[Data Boundary: Start]
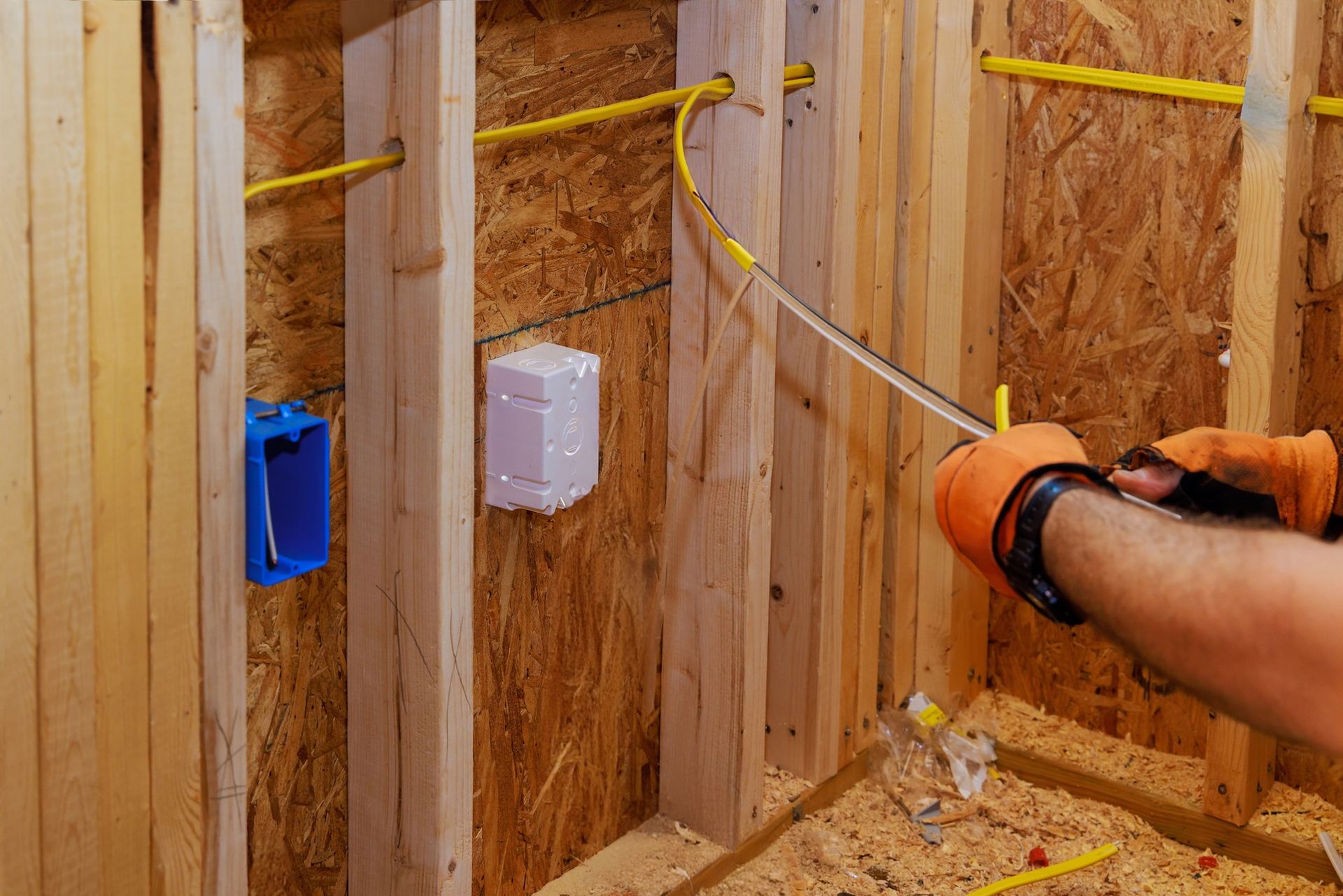 Hand installing electrical wiring and outlet boxes inside a framed wall during construction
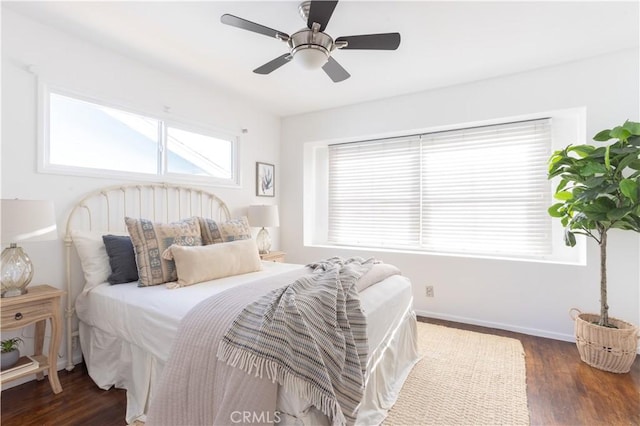 bedroom featuring ceiling fan, baseboards, and wood finished floors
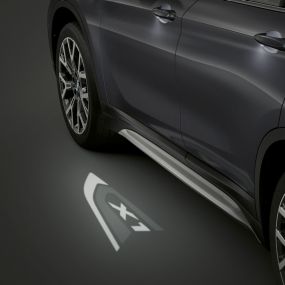 BMW X1, projection LED « X1 ». BMW X1, vue de profil avec vue sur la projection LED « X1 ».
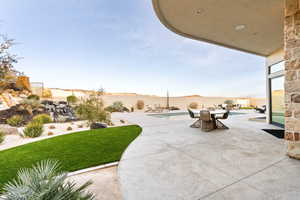 Fenced backyard with a patio area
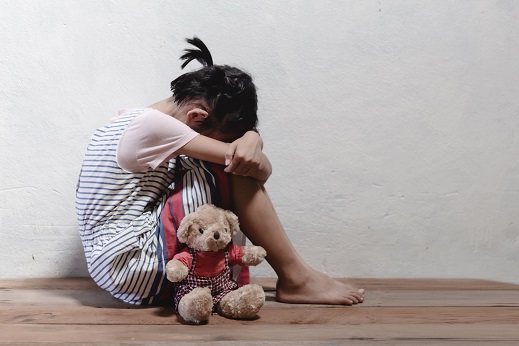 traumatized children concept. little girl sitting at the corner of the room feeling sad and lonely.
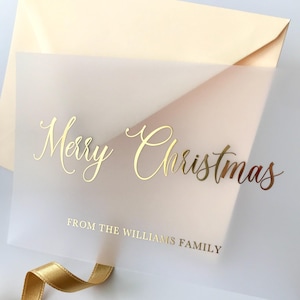 May include: A translucent Christmas card with gold foil lettering that reads "Merry Christmas" and "FROM THE WILLIAMS FAMILY." The card is paired with a cream-colored envelope and a gold ribbon.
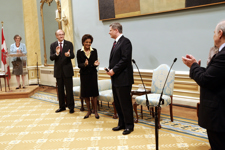 [Jean-Daniel Lafond, Governor General Michaëlle Jean and the Clerk of the Privy Council applaud Stephen Harper after he is sworn in as the 22nd Prime Minister of Canada at Rideau Hall in Ottawa, Ontario] 7 February 2006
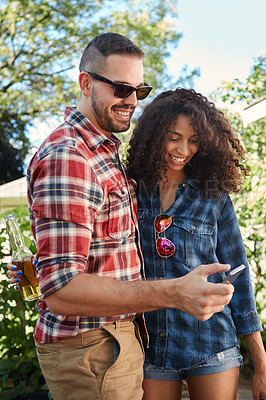 Buy stock photo Shot of a young couple standing outside looking at something on a cellphone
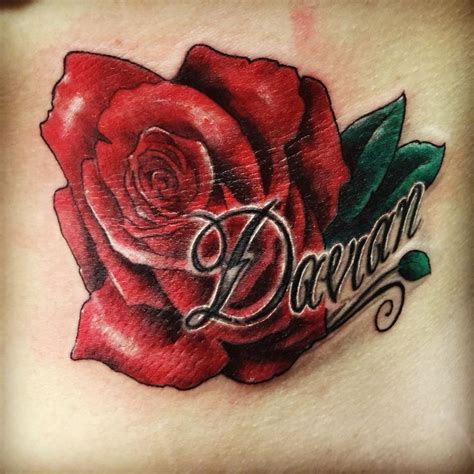 I wanted a rose with my sons name... My tattoo artist nailed it!! | Rose tattoo with name ...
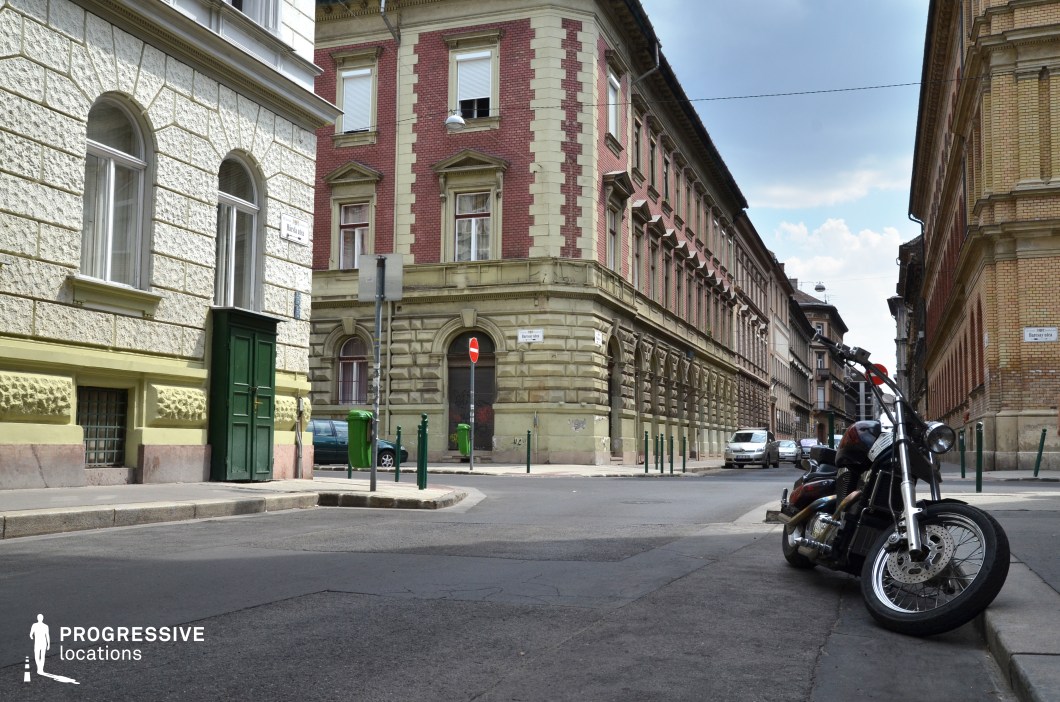 This European inner-city intersection is framed by grand historic buildings with a mix of textured stone and red-brick facades, featuring arched windows and decorative cornices. The architectural style blends late 19th-century and early 20th-century influences, creating a sense of urban depth and history. The narrow streets, flanked by green bollards and vintage-style street signs, add to the authentic old-world atmosphere. The location's enclosed layout and balanced symmetry make it ideal for crime dramas, period films, or urban thrillers, offering a cinematic backdrop rich in texture and historic character.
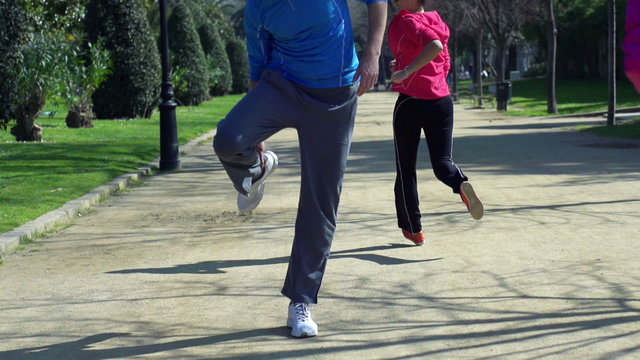 Jogger having muscle contraction, slow motion shot at 240fps, st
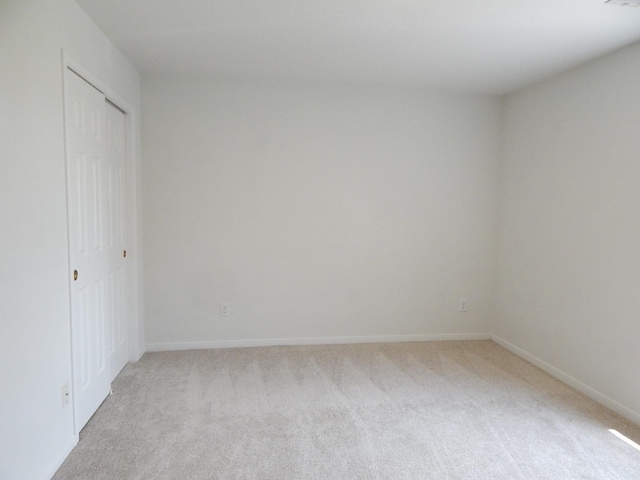 16861 Greenhouse St, Conroe, TX 77385 - unfurnished bedroom with light carpet and a closet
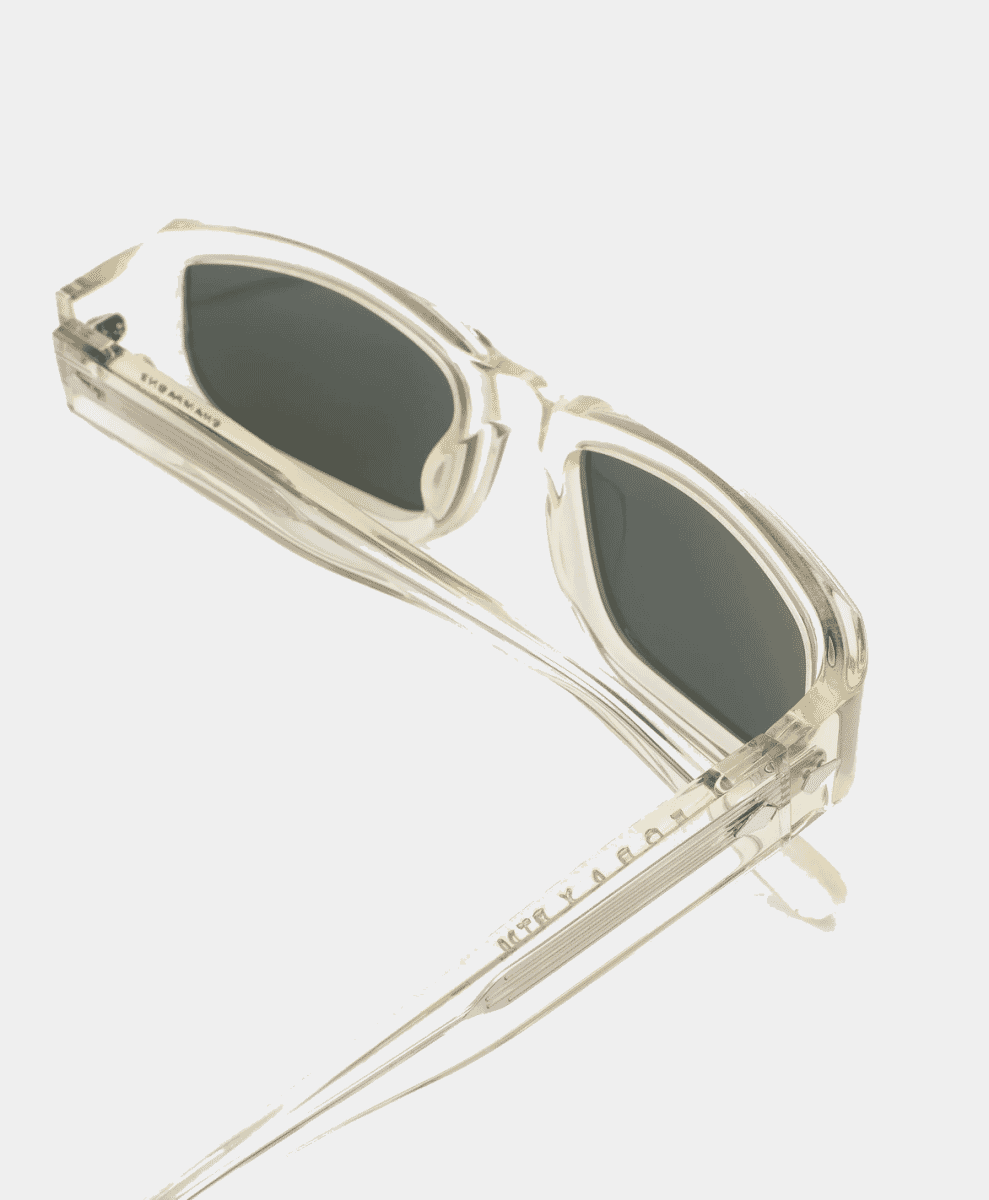 FORA x PTM Sunglasses resting on a wooden surface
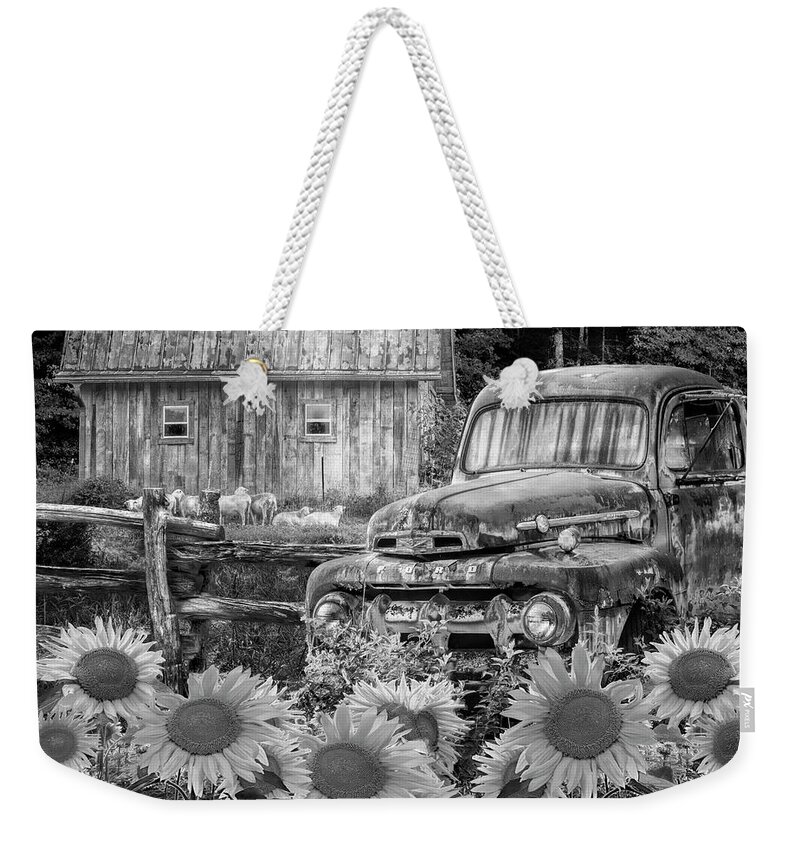 1940s Weekender Tote Bag featuring the photograph Take us for a Ride in the Sunflower Patch Black and White by Debra and Dave Vanderlaan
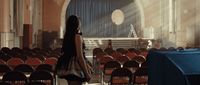 a woman standing in front of a room filled with chairs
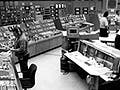 Photo of large control room, showing many screens and devices.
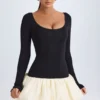 Vestido corto Delphi de modal con cuello redondo, cintura baja y bajo abullonado en color vainilla Vestido corto Delphi de modal con cuello redondo, cintura baja y bajo abullonado en color vainilla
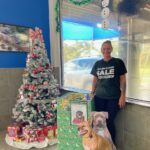 Holiday box with dog cutout and employee standing beside in the lobby at Eager Beaver Cash Wash on Beneva.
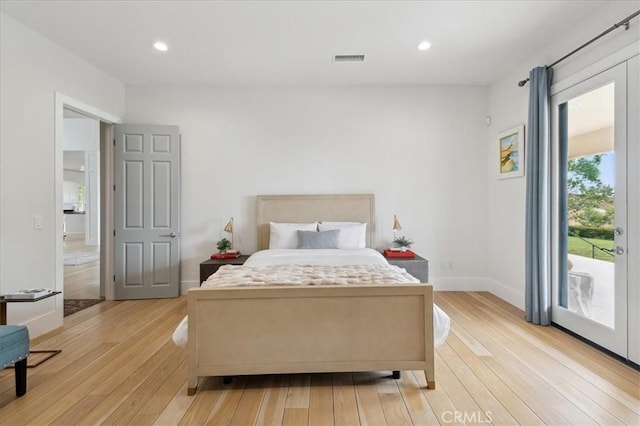 bedroom with access to outside and light wood-type flooring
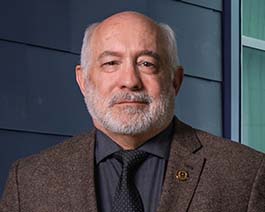 Professional headshot of Neal Woollen with a gray beard, wearing a brown blazer and black shirt and tie against a modern exterior wall background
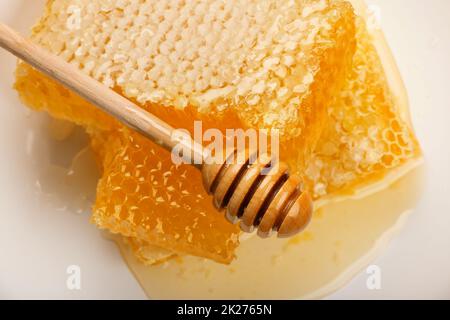 Frisch geschnittener Kammhonig und Holzstiel auf Weiß Stockfoto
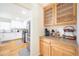 Butler's pantry featuring wooden countertops, storage cabinets, and doorway into the kitchen at 503 Hearthstone Rdg, Woodstock, GA 30189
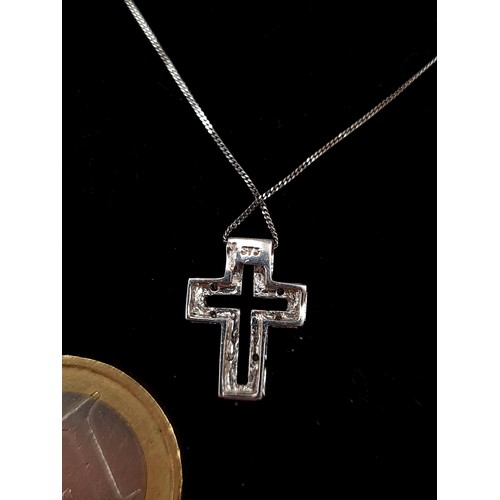 477 - Star Lot: A show stopping 9 carat White Gold Diamond cross pendant necklace, with a length of 40cm. ... 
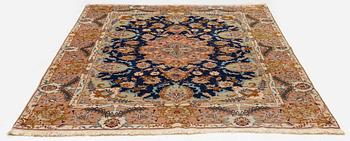 A Tabriz carpet, part silk, c. 206 x 147 cm.
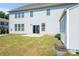Spacious backyard with a sliding glass door, storage shed, and garden beds for outdoor enjoyment and gardening at 2097 Saddlebred Dr, Iron Station, NC 28080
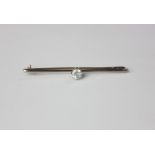 A diamond single stone bar brooch eight claw set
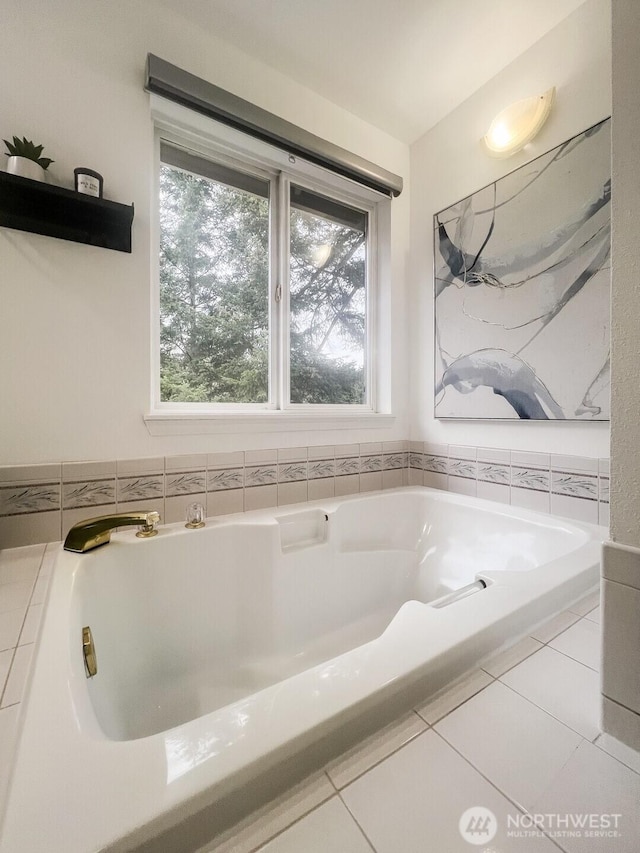 bathroom featuring a garden tub and tile patterned floors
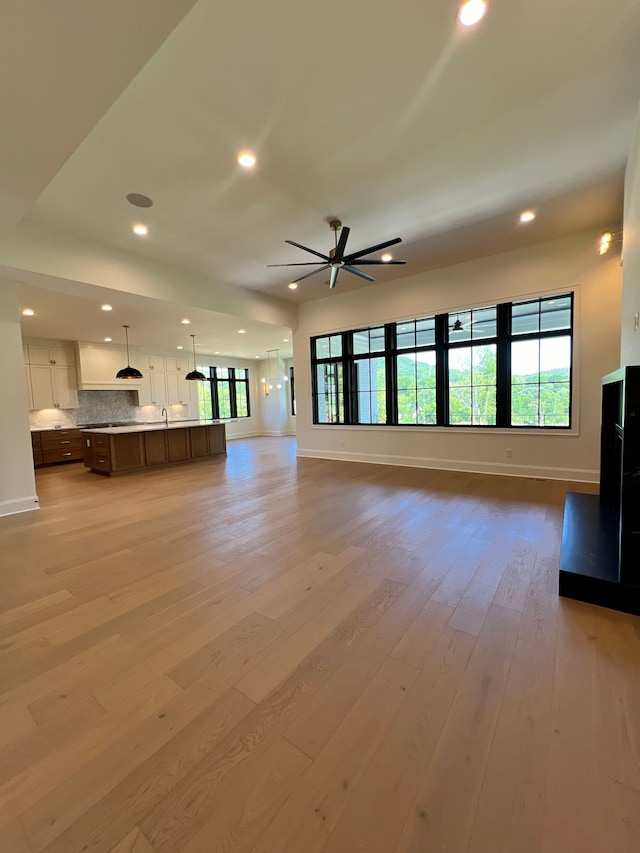 unfurnished living room featuring ceiling fan and light hardwood / wood-style floors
[Data Boundary: End]
### Task requirements:
From the line with "Professional headshot of" up to and including the line with "Frisch geschnittener Kammhonig" above, retype every line exactly and nothing more; leave out the pictures.

### Solution to this exercise:
 Professional headshot of Neal Woollen with a gray beard, wearing a brown blazer and black shirt and tie against a modern exterior wall background
 Frisch geschnittener Kammhonig und Holzstiel auf Weiß Stockfoto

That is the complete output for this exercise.